Comments like this from peer reviewers:

Overall, the article is very readable, but there are a number of sentences which are somewhat clumsily put together. These have been indicated using track changes. Also, the tone veers away from the academic to the more journalistic on a number of occasions.

I would guess that the moments this reader doesn’t like look like this: “Bienvenue is not a great film; instead, it’s a perfectly acceptable comedy that seems to have appealed to nearly everyone in France, selling more than 21 million tickets in a country of 66 million.” Evidently it’s best to avoid this kind of overstatement in an academic article.

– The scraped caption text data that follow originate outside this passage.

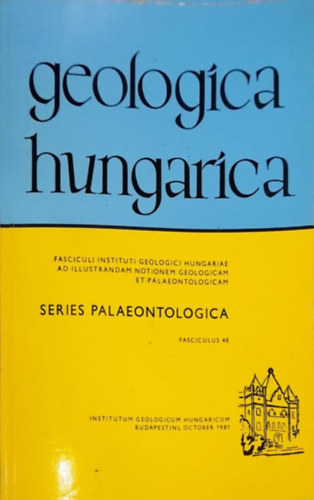 Geologica hungarica - Series Palaeontologica - Fasciculus 40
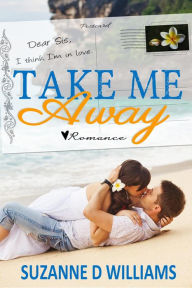 Title: Take Me Away, Author: Suzanne D. Williams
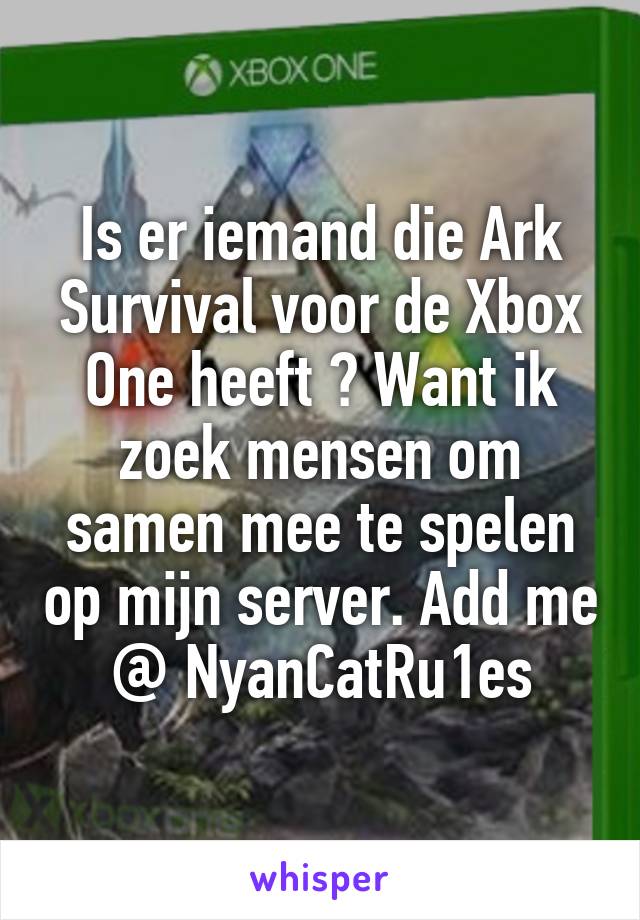 Is er iemand die Ark Survival voor de Xbox One heeft ? Want ik zoek mensen om samen mee te spelen op mijn server. Add me @ NyanCatRu1es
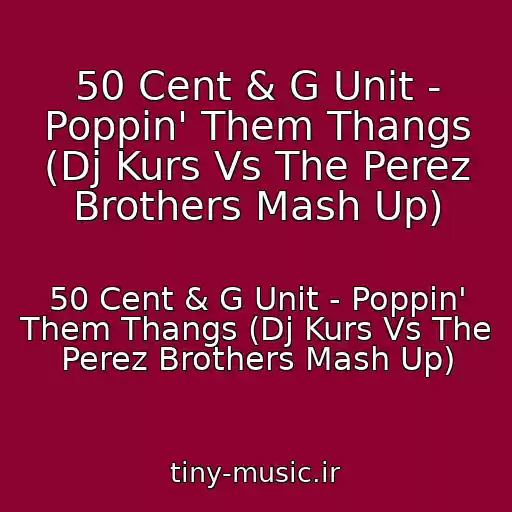کاور آهنگ 50 Cent & G Unit - Poppin' Them Thangs (Dj Kurs Vs The Perez Brothers Mash Up) از 50 Cent & G Unit - Poppin' Them Thangs (Dj Kurs Vs The Perez Brothers Mash Up)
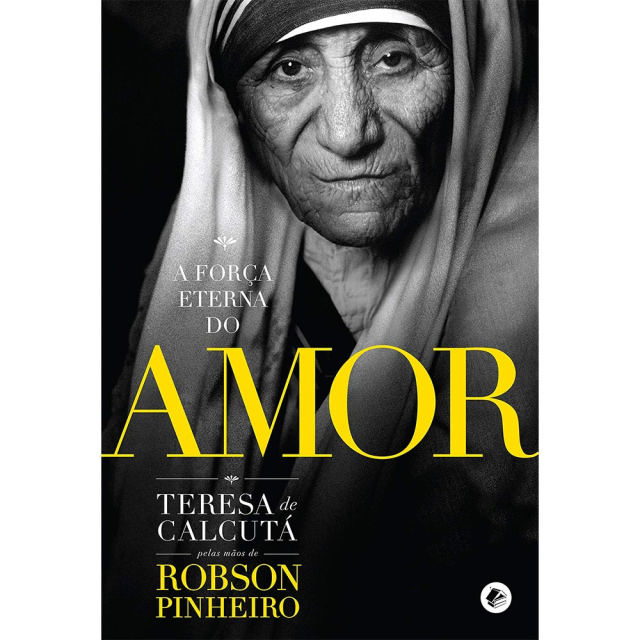 A Força Eterna do Amor, de Robson Pinheiro, publicado pela editora Casa dos Espíritos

A similar complaint arrives in response to my claim that,

Hollywood films set in Paris will, inevitably, begin with an establishing shot of the Eiffel Tower; see, for example, An American in Paris (1951, Vincente Minneli), Sabrina (1954, Billy Wilder), Anything Goes (1956, Robert Lewis), as well as later films like An American Werewolf in Paris (1997, Anthony Waller), The Bourne Identity (2002, Doug Liman), and The Devil Wears Prada (2006, David Frankel), among many others.

To my peer reviewer, this is a gross generalization. It is a gross generalization that is also true (I had a longer list – three films from the 50s-60s-70s-80s-90s-00s-10s – but cut it for space).

And a great one, that admits that I’m right, but for the wrong reasons: “Lyon, in fact, is only invisible in terms of the criteria chosen for mapping. Nonetheless, I think this is a valid point, that Lyon isn’t seen as a cinematic location in the way the other two major French cities are.”